What you are asked to do: Below, find the line containing "Dental Implants for"; from there to the final line, print every line exactly and skip the pictures.

[Image-caption web data]

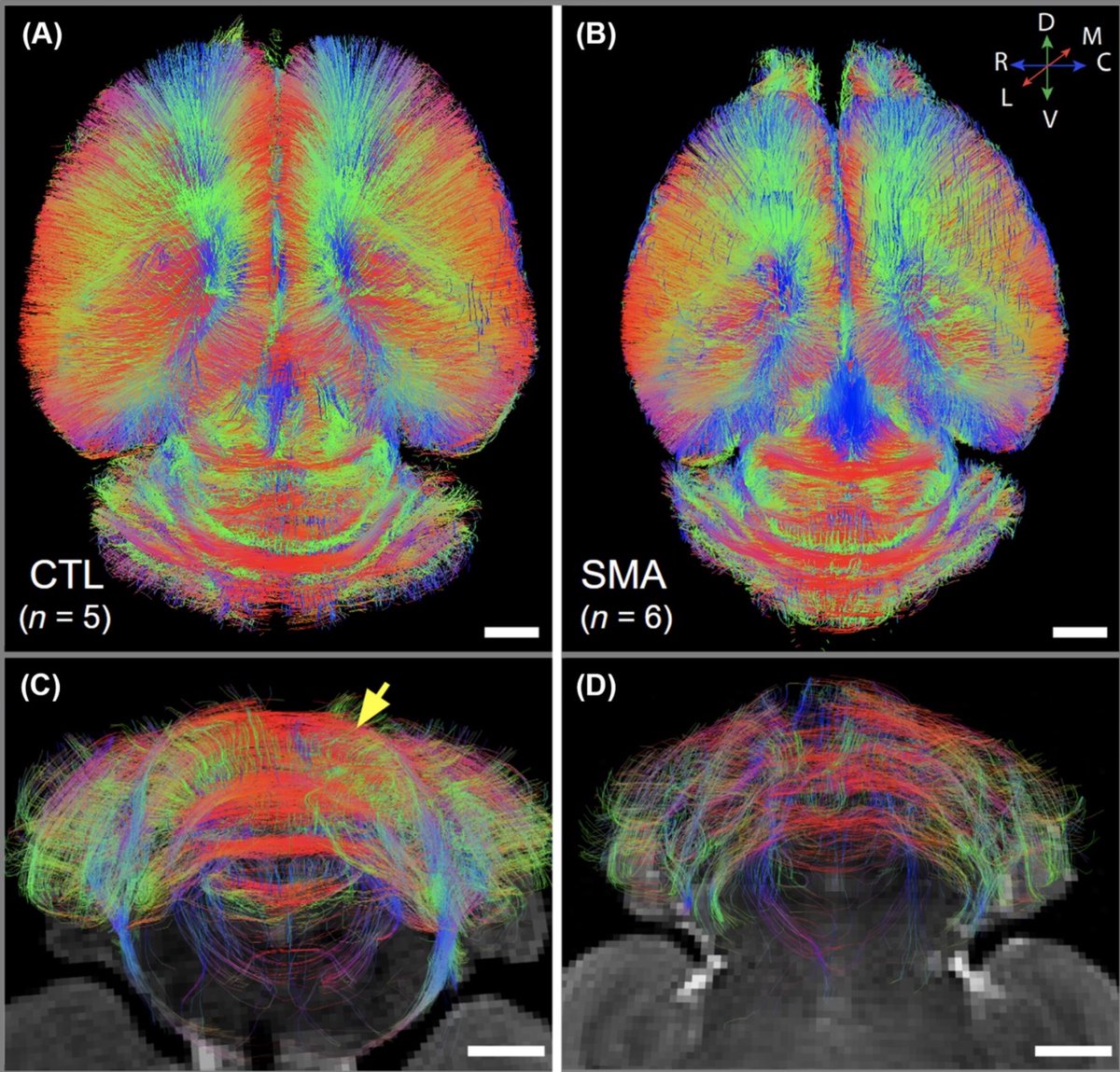 #Scicomm Saturday!!!!  Check this out! ⬇️⬇️

Wow!!!  Look at these #mouse #brain diffusion MR scans produced in collaboration with our own Dr. Charvet, and led by Cottam, and Sun.
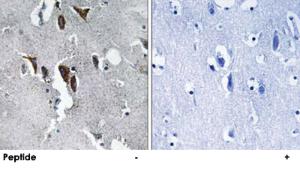 Anti-ELOVL5 Rabbit Polyclonal Antibody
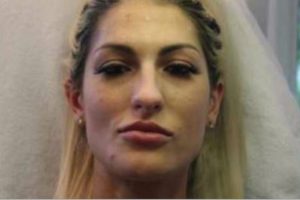 Lauren L. Klavano Botox Bandit Arrested Kirkland Washington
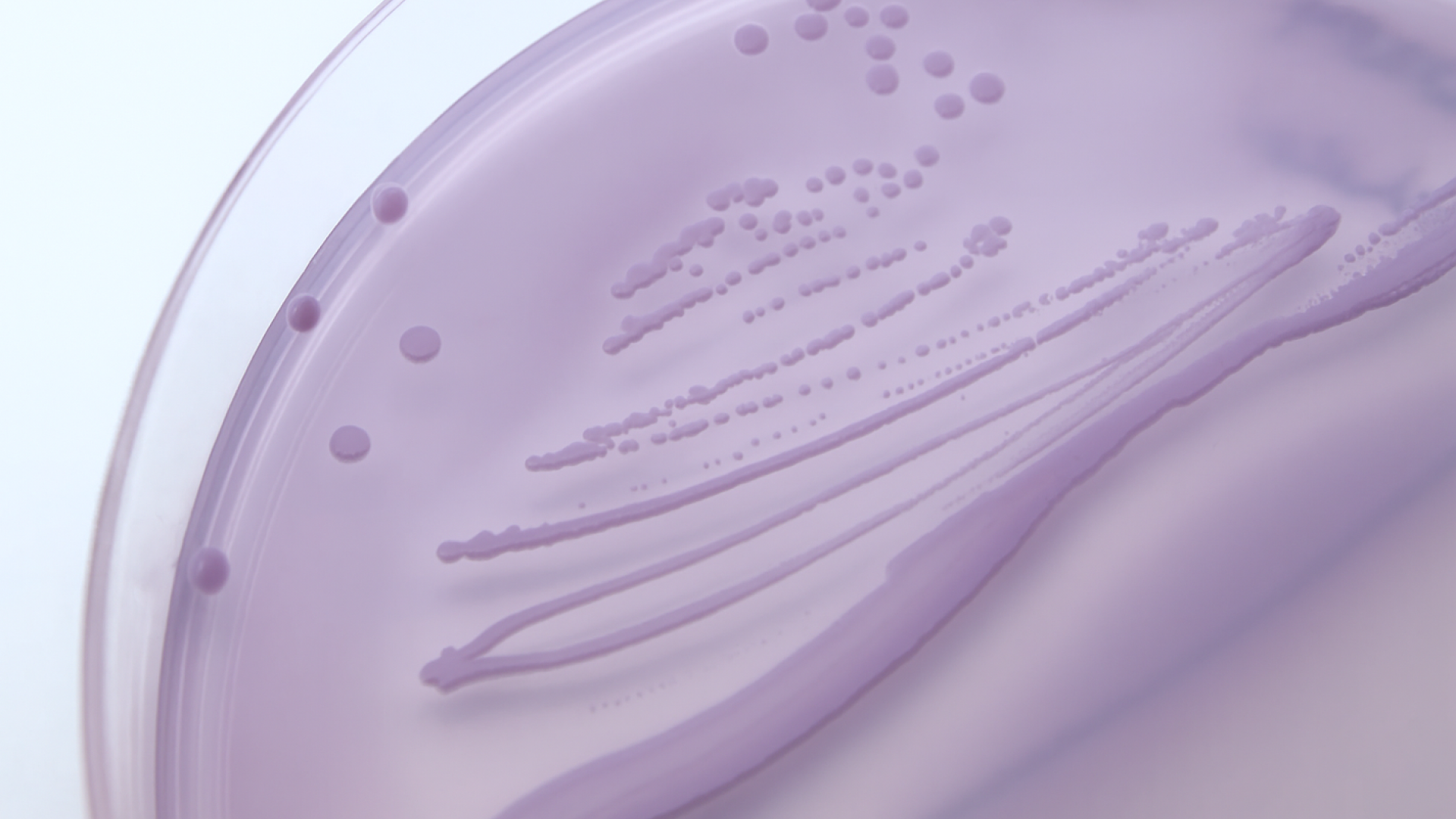 Are at-home UTI tests accurate? Here’s what you need to know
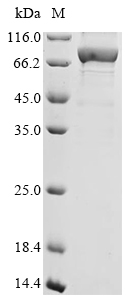 Human HNRNPM protein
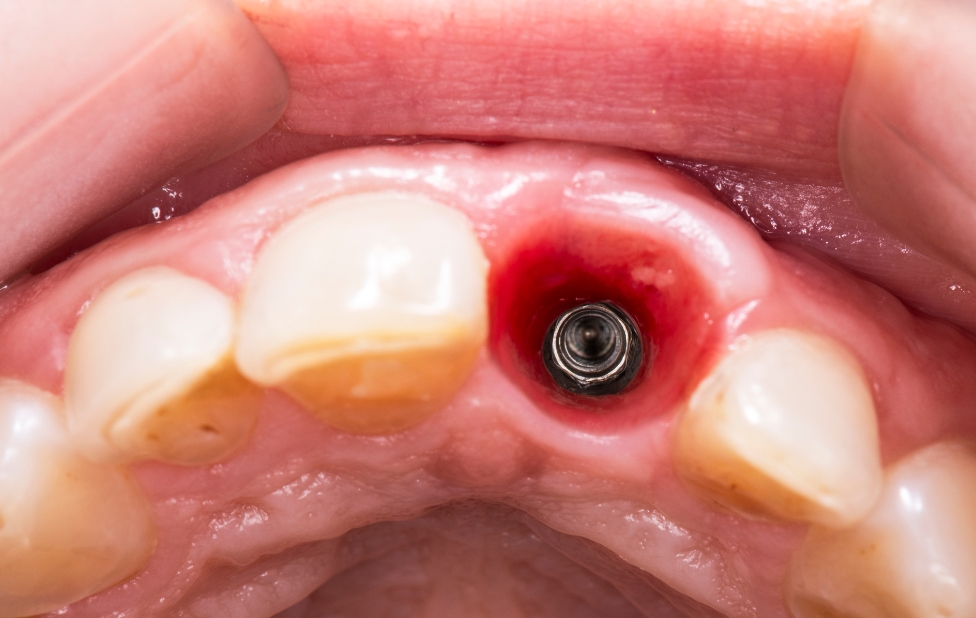 Dental Implants for Patients Who Have Undergone Radiotherapy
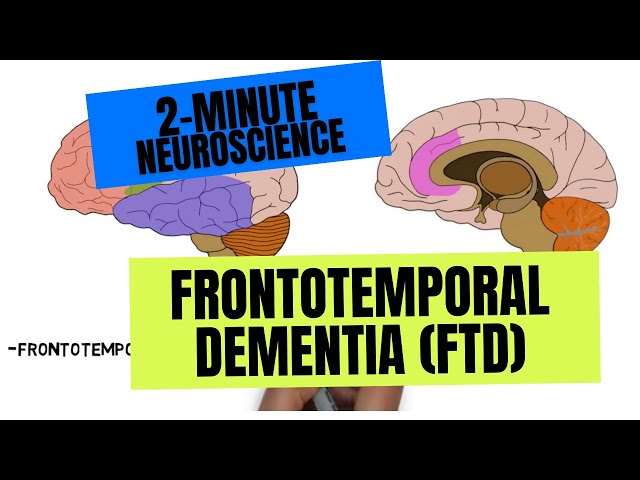 2-Minute Neuroscience: Frontotemporal Dementia (FTD)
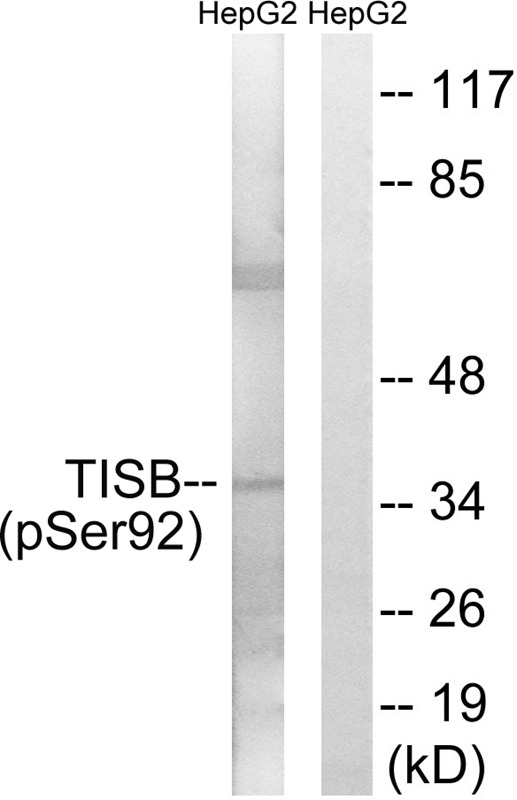 Anti-Phospho-TIS11B (Ser92) Polyclonal Antibody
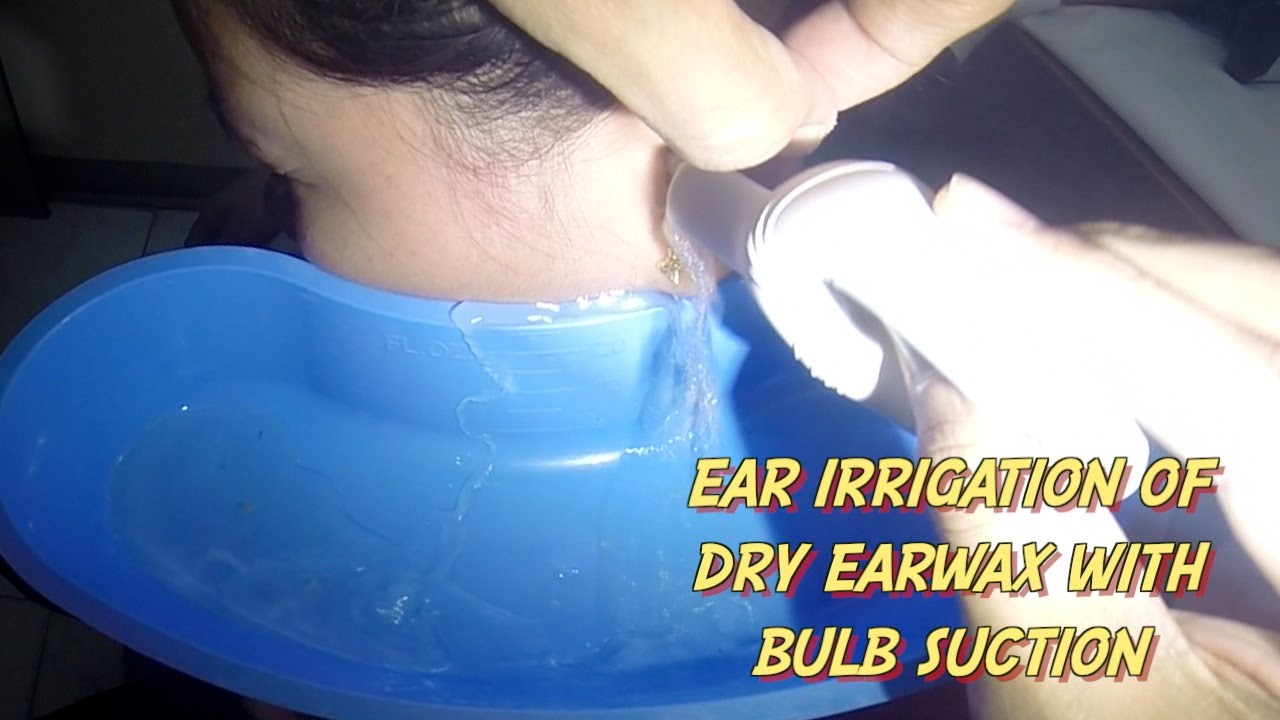 Ear irrigation of Dry Earwax with Bulb Suction YouTube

Task result:
 Dental Implants for Patients Who Have Undergone Radiotherapy
 2-Minute Neuroscience: Frontotemporal Dementia (FTD)
 Anti-Phospho-TIS11B (Ser92) Polyclonal Antibody
 Ear irrigation of Dry Earwax with Bulb Suction YouTube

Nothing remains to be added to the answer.